If members have backup reads enabled, some in-memory data may appear to have been kept. However, eventually the backups will be synchronized with the primary partition (member B).

While the member is down, operations on partitions that are owned by that member will be retried until they either time out or the member restarts and executes the requested operation. As a result, this option is best when you prefer a latency spike rather than migrating data over the network.

If member B does not restart within the rebalance delay, the cluster recovers member B’s data from backups and repartitions the data among the remaining members (members A and C in this case). If member B is later restarted, it recovers its persisted data from disk and brings it up-to-date with data from members A and C. If Merkle trees are enabled on available data structures, members use those to request only missing persisted data. For details about how members use Merkle trees, see Synchronizing Persisted Data Faster.

Synchronizing Persisted Data Faster

When a failed member rejoins the cluster, it populates its in-memory stores with data from disk that may be stale. If you have lots of persisted data as well as in-memory data that you don’t want to lose, you can configure your data structures to generate a Merkle tree. The Merkle tree stores the state of persisted data in a way that other cluster members can quickly read, compare with their own, and check the delta for what is missing. This way, after a restart, the member can send its Merkle tree to the cluster and request only the missing data, reducing the amount of data sent over the network.

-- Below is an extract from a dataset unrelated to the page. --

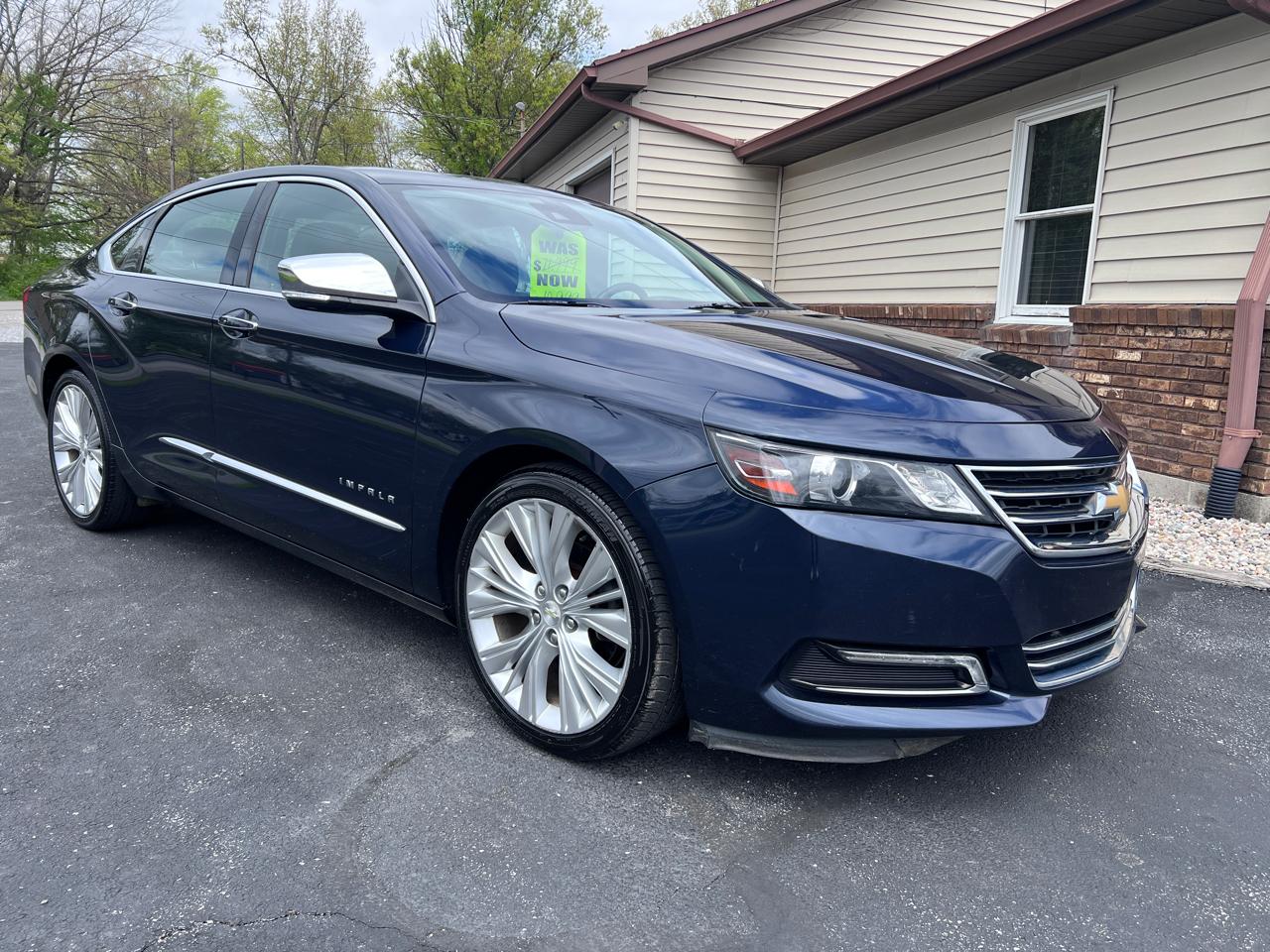 Chevrolet Impala 4dr Sdn LTZ w/2LZ 2015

On map and JCache data structures, you can configure the following options to enable the Merkle tree.

Option Description Default Example

merkle-tree.enabled

Whether a Merkle tree is generated for the data structure.

enabled

  • XML

  • YAML

  • Java

<hazelcast>
  <map name="test-map">
    <data-persistence enabled="true">
    </data-persistence>
    <merkle-tree enabled="true">
    </merkle-tree>
  </map>
</hazelcast>
hazelcast:
  map:
  test-map:
    data-persistence:
      enabled: true
    merkle-tree:
      enabled: true
Config config = new Config();

MapConfig mapConfig = config.getMapConfig("test-map");
mapConfig.getDataPersistenceConfig().setEnabled(true)
mapConfig.getMerkleTreeConfig().setEnabled(true);

config.addMapConfig(mapConfig);

merkle-tree.depth

The depth of the Merkle tree.

The deeper the tree, the more accurate the difference detection but the more space is needed to store the Merkle tree in memory.

10

  • XML

  • YAML

  • Java

<hazelcast>
  <map name="test-map">
    <data-persistence enabled="true">
    </data-persistence>
    <merkle-tree enabled="true">
      <depth>
        12
      </depth>
    </merkle-tree>
  </map>
</hazelcast>
hazelcast:
  map:
  test-map:
    data-persistence:
      enabled: true
    merkle-tree:
      enabled: true
      depth: 12
Config config = new Config();

MapConfig mapConfig = config.getMapConfig("test-map");
mapConfig.getDataPersistenceConfig().setEnabled(true)
mapConfig.getMerkleTreeConfig().setEnabled(true);
mapConfig.getMerkleTreeConfig().setDepth(12);

config.addMapConfig(mapConfig);